SH: It has been going very well.

TWR: It’s nearly finished isn’t it?

SH: Yes, we have a few more dates and then we are off to Europe.

TWR: Has it been as well received as Bay Of Kings?

SH: Yeah, yeah, yeah, it has been as well received as that. Pieces are… well, the things off Momentum that I do and one or two of the other things which are in the show that aren’t on any album are probably, in the main a bit more complex than the things on Bay Of Kings.

TWR: They’re certainly longer, the overall timing on the album is certainly a lot longer…

SH: They are harder to play, but they are … I tried to push my technique a lot more on this album. I wanted the pieces to be … well a bit more intricate.

TWR: It’s a slightly different album to Bay Of Kings…

SH: Slightly different, yeah. It’s all nylon really, I have pared it down. There aren’t any steel tracks on it but that’s because I have got very dedicated to the nylon. The nylon really is the… the REAL guitar for me and that’s what it is, you know. I think the nylon is timeless, the given guitar. It’s the time-honoured form, isn’t it? It’s God’s given guitar, that’s what I think.

TWR: I notice that there ’s one track on the LP called Variation On A Theme By Chopin. Is that because you have a particular affection for Chopin or is it just showing the classical influence in your music in general?
SH: Probably both actually. There’s a famous Chopin piano piece that I just found myself playing the melody and taking an earlier part from it. It’s a lovely theme.

TWR: I can recognise the melody but I can’t actually place it. I can recognise it but can’t actually name it, you know what I mean…

SH: In fact, that’s one of those things that made it into, you know there are words to it, it was made into a song. It was one of those things that has been through many changes down the years. I am sure people will continue to do variations on it because it is such a lovely theme.

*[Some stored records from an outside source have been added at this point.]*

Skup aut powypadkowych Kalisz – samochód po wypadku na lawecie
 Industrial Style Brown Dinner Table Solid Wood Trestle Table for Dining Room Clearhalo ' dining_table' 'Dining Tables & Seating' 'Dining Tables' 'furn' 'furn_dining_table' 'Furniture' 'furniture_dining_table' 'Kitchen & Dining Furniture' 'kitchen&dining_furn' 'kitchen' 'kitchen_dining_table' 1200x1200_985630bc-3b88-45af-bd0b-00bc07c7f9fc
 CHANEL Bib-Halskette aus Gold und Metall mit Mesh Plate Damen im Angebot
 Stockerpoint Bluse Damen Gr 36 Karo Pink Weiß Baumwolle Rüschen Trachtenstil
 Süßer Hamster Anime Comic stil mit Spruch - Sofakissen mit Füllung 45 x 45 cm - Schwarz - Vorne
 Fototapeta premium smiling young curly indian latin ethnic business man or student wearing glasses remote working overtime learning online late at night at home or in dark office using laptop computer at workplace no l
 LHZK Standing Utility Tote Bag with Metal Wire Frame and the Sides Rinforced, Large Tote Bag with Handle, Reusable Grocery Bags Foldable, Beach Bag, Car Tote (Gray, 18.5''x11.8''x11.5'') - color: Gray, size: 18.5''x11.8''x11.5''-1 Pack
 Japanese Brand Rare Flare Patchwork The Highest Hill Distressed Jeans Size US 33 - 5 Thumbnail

TWR: It’s the same with Tales Of The Riverbank - I never knew who it was by until you introduced it as being by Giuliani. I didn’t know who and I just thought it was a very old piece.

SH: And that is a variation on that again. It’s a variation, a fantasia or whatever.

TWR: Getting back to the guitar itself. Do you prefer electric or acoustic tours?

SH: I like both. I love being with a band and I love being on the road with a rock and roll circus so to speak. Because I love all the characters, all the clowns come out of the woodwork! (laughs).

TWR: That’s no reflection on the audience is it? (laughs).

SH: No. No. A lot of the best performances by people like that on the road, I tend to get natural born performers in my band. You can’t really tell on stage they don’t always let their hair down.

TWR: John Shearer?

SH: John Shearer, and guys like Pete Hicks were immensely funny and Dik Cadbury and Nick Magnus too. They all could have been born comedians. That’s not to denigrate them as musicians!

TWR: Do you know what any of them are doing at the moment?

SH: Pete is actually coming to the gig I am doing in Dartford on Monday. I haven’t seen him for a while.

TWR: We saw Nick supporting Suzanne Vega in a band called Cry no More.

SH: That’s right, with Chas Cronk in it. Roy Hill he has been doing mainly sessions Nick Has. He has worked with me on this rock album that I’ve got. He has done an amazing job on that, amazing job.

TWR: When can we expect the new album?

SH: Well, I think at the beginning of next year.

TWR: With a tour to follow?

SH: Yes.

TWR: Great! This is what we want to hear. What sort of band will you use for this?

SH: Well, I am hoping to get Chris Thompson on vocals, the guy who sang most of the vocals. I’ve got Bonnie Tyler on the album - she did a duet with Chris on a track funnily enough that I originally wrote for GTR called Prize Fighters, which we did live but it never found its way on to the album, but I felt it was a good song so I have done it with two of the best singers I felt I could find.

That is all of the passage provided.